[[ INPUT DATA, beginning ]]

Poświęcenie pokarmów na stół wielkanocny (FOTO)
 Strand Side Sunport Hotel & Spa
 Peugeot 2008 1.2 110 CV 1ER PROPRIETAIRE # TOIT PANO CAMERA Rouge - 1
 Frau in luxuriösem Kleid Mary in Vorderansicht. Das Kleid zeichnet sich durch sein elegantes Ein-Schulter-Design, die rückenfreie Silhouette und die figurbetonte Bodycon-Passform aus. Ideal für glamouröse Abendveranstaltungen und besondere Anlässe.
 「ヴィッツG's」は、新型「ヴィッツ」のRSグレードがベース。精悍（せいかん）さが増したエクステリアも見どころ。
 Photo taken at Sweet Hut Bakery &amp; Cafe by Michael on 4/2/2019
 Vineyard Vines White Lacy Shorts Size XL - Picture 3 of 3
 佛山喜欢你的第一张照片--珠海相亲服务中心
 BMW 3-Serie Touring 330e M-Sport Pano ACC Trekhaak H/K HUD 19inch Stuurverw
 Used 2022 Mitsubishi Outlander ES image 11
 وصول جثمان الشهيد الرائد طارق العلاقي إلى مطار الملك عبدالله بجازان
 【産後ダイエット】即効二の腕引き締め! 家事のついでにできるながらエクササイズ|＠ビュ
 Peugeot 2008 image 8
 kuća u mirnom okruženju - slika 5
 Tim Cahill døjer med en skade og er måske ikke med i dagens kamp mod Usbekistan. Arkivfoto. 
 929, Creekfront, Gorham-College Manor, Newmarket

[[ INPUT DATA, end ]]

● **PROBLEM**:
Within the records above, how many lines include the word "Peugeot"? State the number by itself.

● **OUTPUT**:
2